Was just flicking through some sites and found this comparison on PLB's, thought it was interesting http://www.gpsaustralia.net/forums/show ... php?t=5025. Also checked out KTi web site, still not available.
Mods, hope the link is ok, remove in necessary.


----------



## Revo

There are two parts of the 406MHz standard - one for EPIRBs and one for PLBs - and this results in significant differences. EPIRBs have a minimum continuous operation of 48 hours and float upright allowing them to be tied to something that isn't going to sink and left to float free using the water plane as a reflector to improve the propagation of the signal to the satellites. PLBs are only required to operate for a minimum of 24 hours continuously and are not required to float upright meaning that they have to be supported in some way to ensure that the antenna is clear of the water so that the signal can be transmitted. In the maritime market, there is a need for both EPIRBs and PLBs, particularly where Yachting Australia requires boats in category 1 and 2 (Sydney Hobart type races) offshore races to carry an EPIRB *and for each of the crew to carry a PLB*.

A PLB is not required to float, according to the Standard. However, my PLB does float in both fresh and salt water and is waterproof to submersion at 1m (I carry mine on my PFD). A PLB doesn't activate automatically (neither do all EPIRBs), I have to activate it. A PLB is not considered as a substitute for an EPIRB, and an EPIRB is required to be on any 8m+ (I understand this varies depending on your state) boat which is offshore 2 nautical miles or more.

I'm content with having a marine quality PLB instead of an EPIRB for the same reason that marine quality PLBs are recommended for boat crew when on deck - it's all about finding me if I go overboard regardless of where my yak may be. ;-) My PLB is registered with Australian Marine Safety Authority (AMSA) so they can find me - in exactly the same way they can find a boat with an EPIRB. 8)


----------



## ELM

What sort do you have Revo?


----------



## Feral

Any boat (registered or not, so that includes yaks) has to have an EPIRB more than 2 nautical miles off the Qld coast. 3 nautical miles and the Federal rules apply, which are more or less the same from memory.


----------



## Revo

ELM said:


> What sort do you have Revo?


Hi Elm - I have the Accusat MT410G. I chose the G model 'cos of the 45m accuracy - much better than the nonG model which provides 5km accuracy. In my view if I have to use it, I want to be found as quickly as possible! ;-) Other features include 7 year battery life, high visibility strobe light, no warm up period - sends signal as soon as switched on, sealed waterproof design (exceeds IP67), and light and compact.



Feral said:


> Any boat (registered or not, so that includes yaks) has to have an EPIRB more than 2 nautical miles off the Qld coast. 3 nautical miles and the Federal rules apply, which are more or less the same from memory.

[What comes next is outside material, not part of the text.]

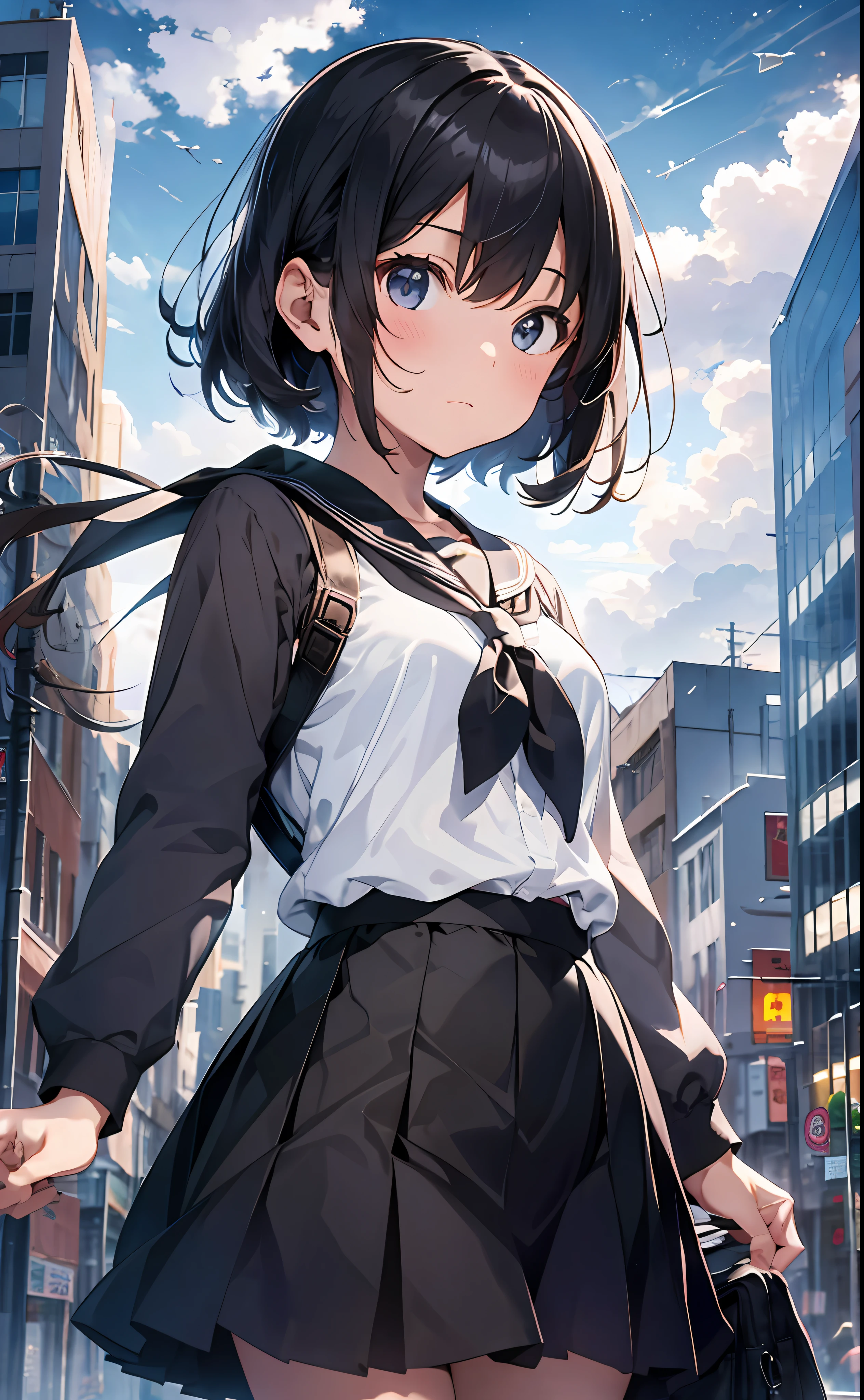 【Gem, Best Quality】1 girl, from below, solo, uniform, seraphk, sky, clouds, black hair, skirt, sailor color, person watching viewer, short hair, building, bangs, neckerchief, long sleeve, cloudy sky, electric wire, shirt, cityscape, pleated skirt, landscape, dull bangs, city, night, black sailor color, closed mouth black skirt, medium hair, school bag, Holding Bag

Yeah Feral, correct. It's good to see that, at the point of sale, retailers are starting to make this clear. Some state regulations are very clear in relation to kayaks, however others are less clear about safety gear requirements.

My personal choice about PLB vs EPIRB is to go with a PLB for these reasons:

1. To date, my trips beyond 2 nm from shore are only 3 or 4 times a year. If I get caught out by having only a PLB, I'll have to accept that consequence.  
2. No matter whether I activate an EPIRB or a PLB, the AMSA authorities will know about it and arrange a rescue - they do not discriminate between an EPIRB or a PLB in terms of deciding whether to arrange the rescue or not. That's the insurance of having either with you.  
3. For me, I consider that a PLB is more appropriate for a yakfishing situation. I want the device to be with me (whether I am sitting on the yak or I've somehow ended up in the water and separated from the yak) so that I can activate it. I realise that the aerial has to be above the water but I can attach it to my PFD so that I don't have to hold it with my hands all the time. 
4. It's also a useful safety device to have with me on 4WD trips and bushwalking.


----------



## MrFaulty

I wonder if we organised say 20 paople who wanted to purchase one of the PLB and spoke direct to GMC if we could organise something which would make them more affordable?? who wants one - I don't mind corresponding with GMC if we get numbers as i am best at BS


----------



## mattyoga

I contacted the WA authorities asking for a derogation on the requirements for an EPIRB saying a PLB was more appropriate for a fishing kayaker and they did not grant it, saying that the Epirb should be fixed to the outside of your yak like other sea kayakers.

So I've now got an epirb as I often go out wide and have been out wide in some remote areas - I have it strapped to the inside of my crate with some bungee so I can grab it if quickly needed. I've also thought about leashing it to myself when sailing the yak solo in remote locations where there are few water users about- a question of balancing the risk of getting tangled in the leash vs the risk of becoming detached from your yak and it sailing away (unlikely I know - but epirbs are all about covering the unlikely situations as a last line of defence).


----------